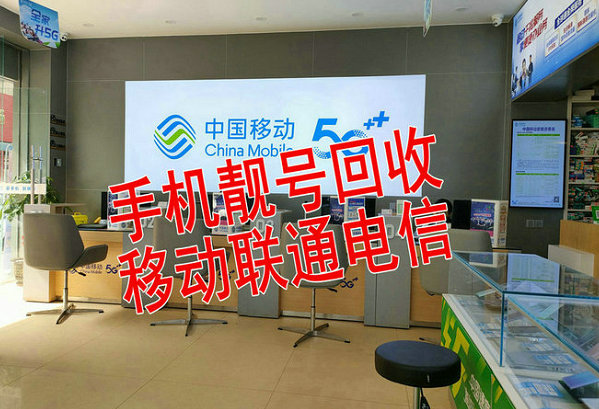 菏泽马自达吉祥号回收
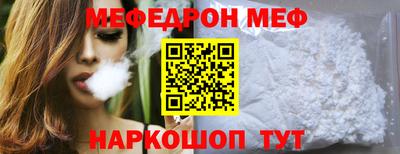 прущие крисы Абакан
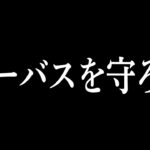 【拡散希望】シーバス釣りを未来永劫楽しむために釣り人ができること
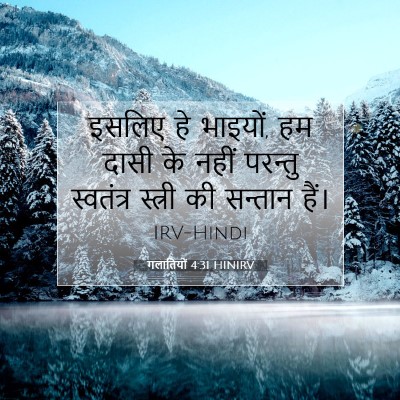 गलातियों 4:31 HINIRV बाइबल आयत इमेज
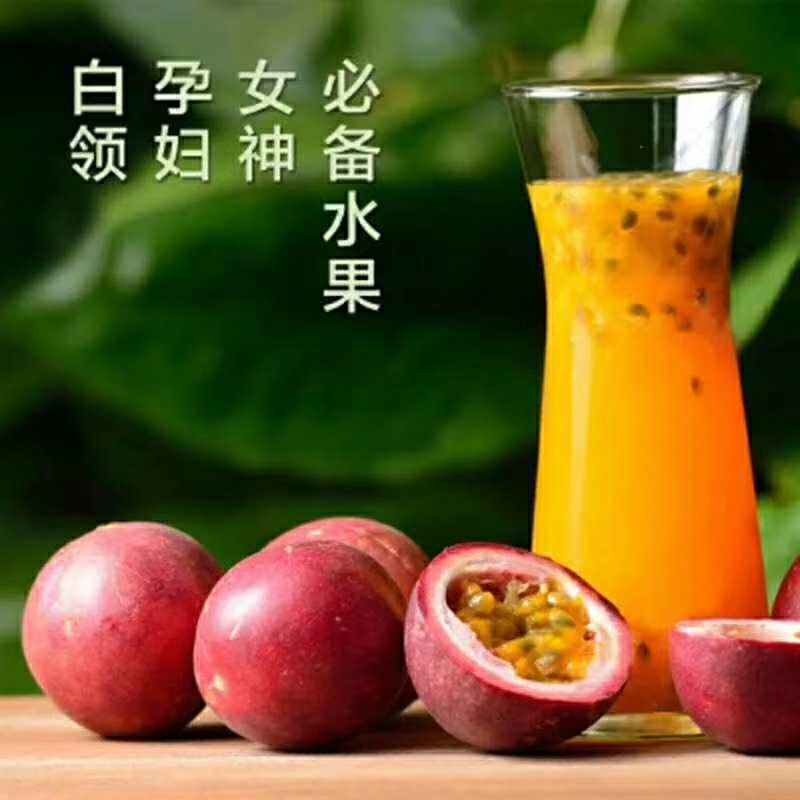 百香果中大果5斤30包邮，只限今天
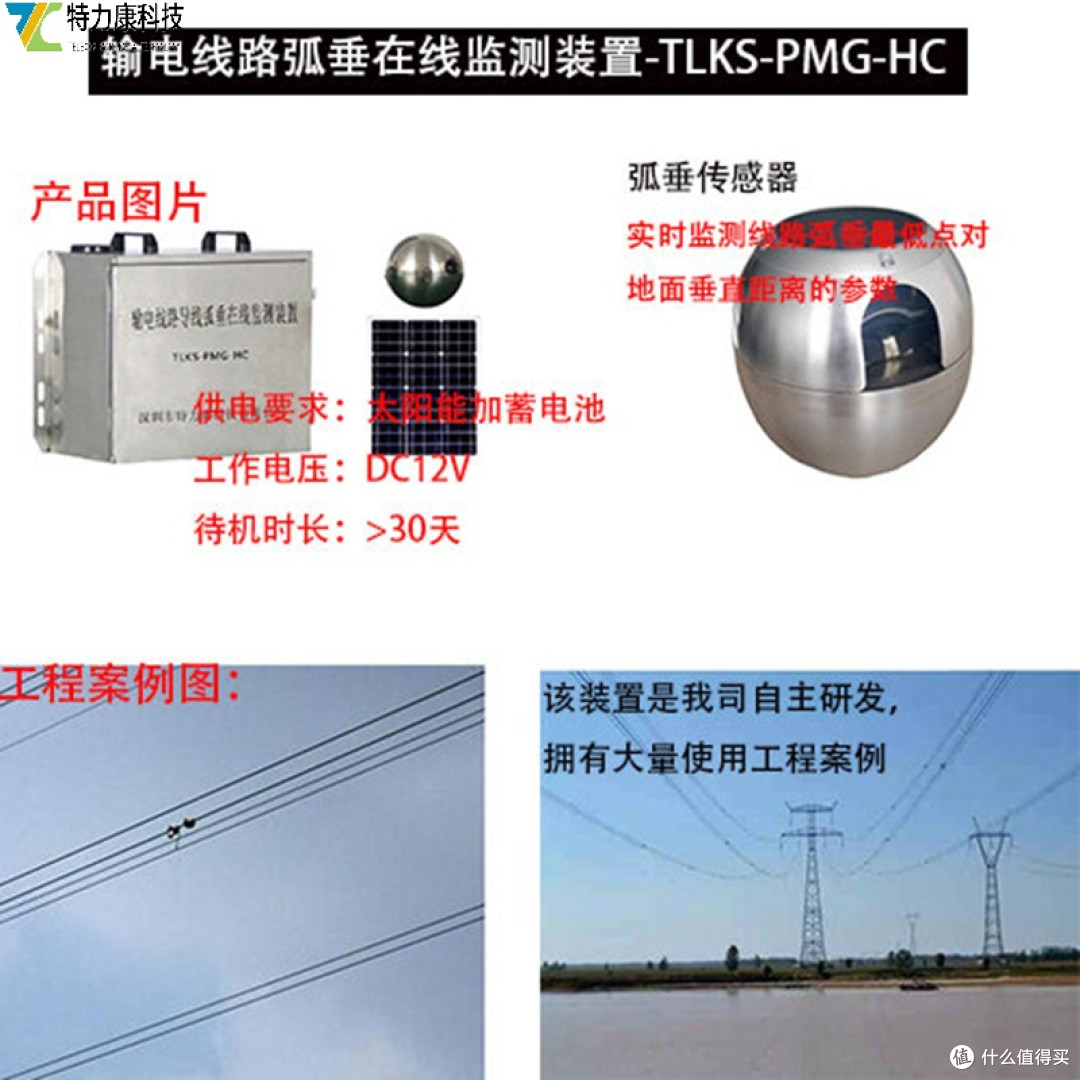 微弧垂在线监测系统,怎样让输电线路隐患无所遁形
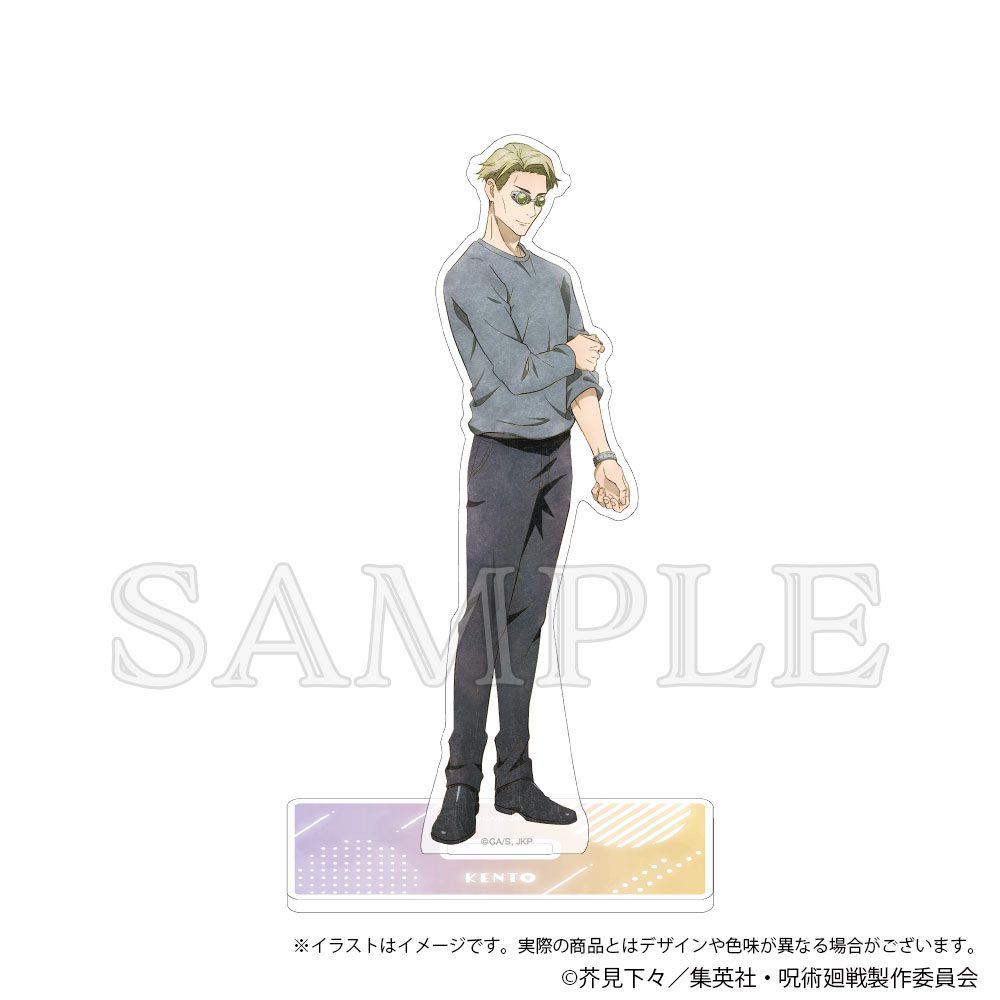 呪術廻戦 アクリルスタンド えもデコVer. Vol.2 七海建人 ("Jujutsu Kaisen" Acrylic Stand Emo Deco Ver. Vol. 2 Nanami Kento)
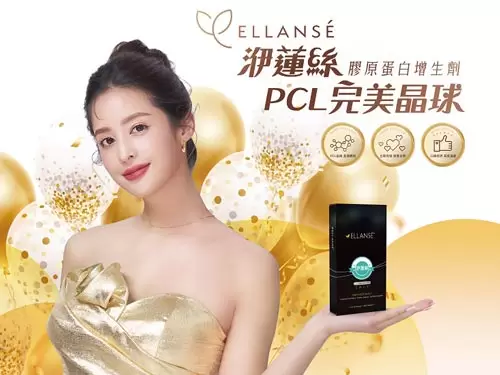 Ellanse洢蓮絲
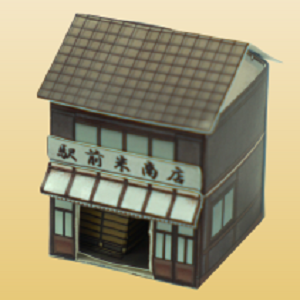 紙で作る鉄道ジオラマ「店舗 米屋」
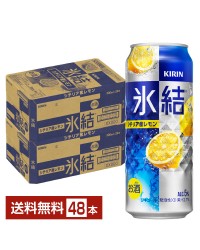 キリン 氷結 シチリア産レモン 500ml 缶 24本 2ケース（48本）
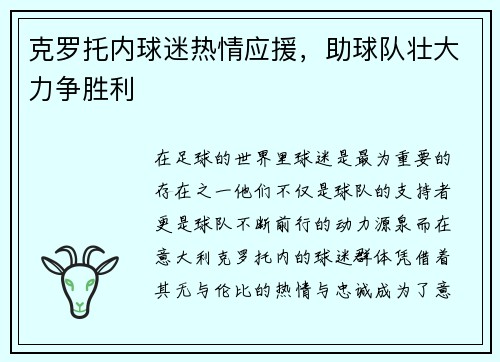 克罗托内球迷热情应援，助球队壮大力争胜利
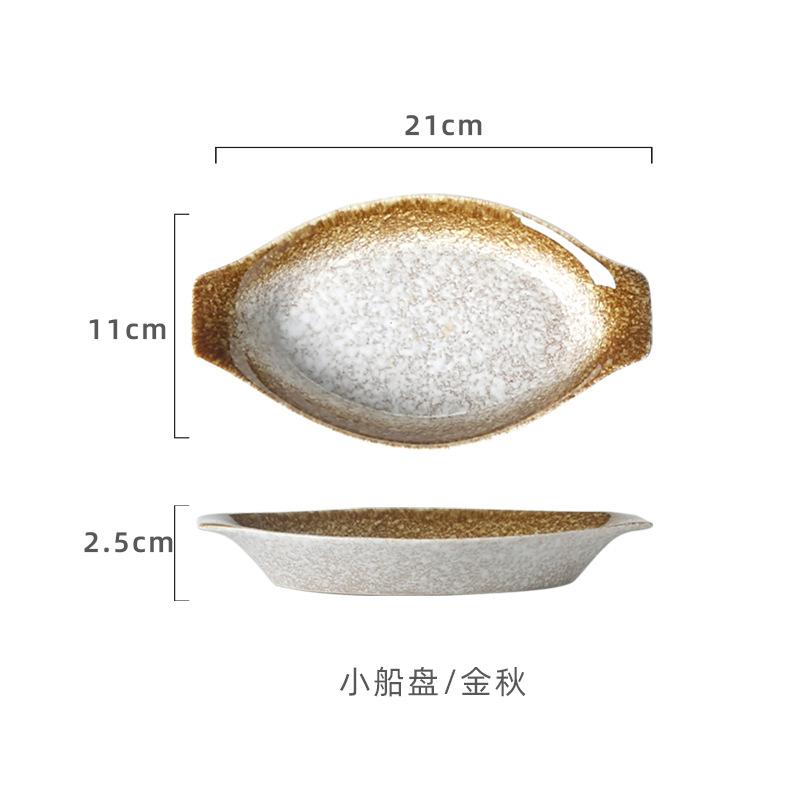 Japanese Style Kiln Transformed Snack Plate Sushi Sashimi Plate Irregular Boat Shaped Ceramic Plate Restaurant Sushi Shop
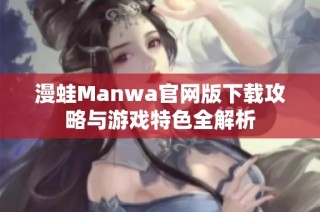 漫蛙Manwa官网版下载攻略与游戏特色全解析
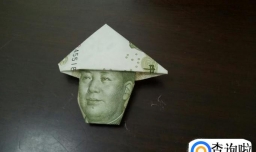 折纸系列之人民币毛泽东戴帽头像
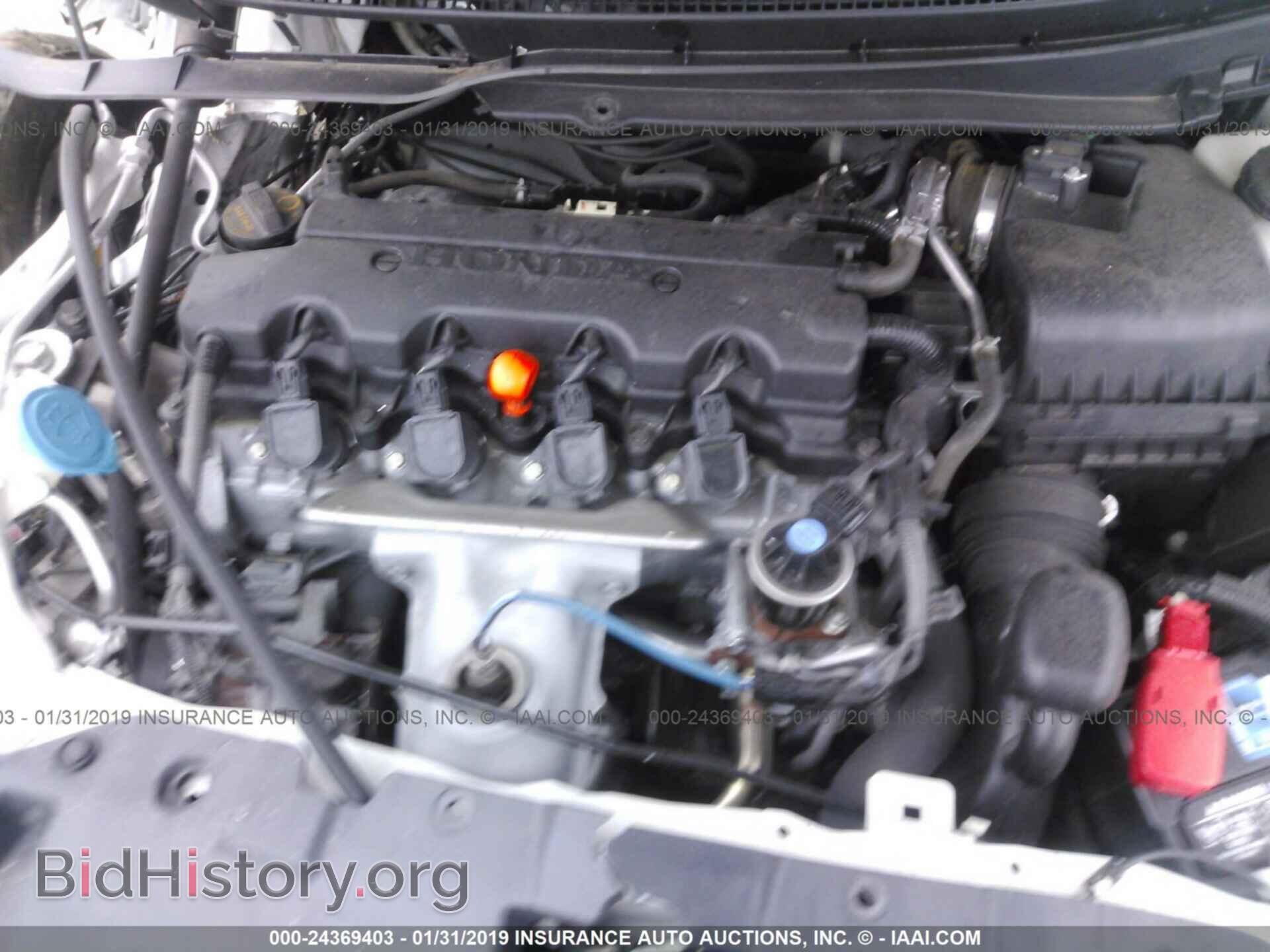 2013 HONDA CIVIC - VIN: 19XFB2F94DE084424 - Photo 10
#####
Would you repeat the listing above exactly, minus the images?

# ANSWER BOX
 菏泽马自达吉祥号回收
 прущие крисы Абакан
 【拡散希望】シーバス釣りを未来永劫楽しむために釣り人ができること
 गलातियों 4:31 HINIRV बाइबल आयत इमेज
 百香果中大果5斤30包邮，只限今天
 微弧垂在线监测系统,怎样让输电线路隐患无所遁形
 呪術廻戦 アクリルスタンド えもデコVer. Vol.2 七海建人 ("Jujutsu Kaisen" Acrylic Stand Emo Deco Ver. Vol. 2 Nanami Kento)
 Ellanse洢蓮絲
 紙で作る鉄道ジオラマ「店舗 米屋」
 キリン 氷結 シチリア産レモン 500ml 缶 24本 2ケース（48本）
 克罗托内球迷热情应援，助球队壮大力争胜利
 Japanese Style Kiln Transformed Snack Plate Sushi Sashimi Plate Irregular Boat Shaped Ceramic Plate Restaurant Sushi Shop
 漫蛙Manwa官网版下载攻略与游戏特色全解析
 折纸系列之人民币毛泽东戴帽头像
 2013 HONDA CIVIC - VIN: 19XFB2F94DE084424 - Photo 10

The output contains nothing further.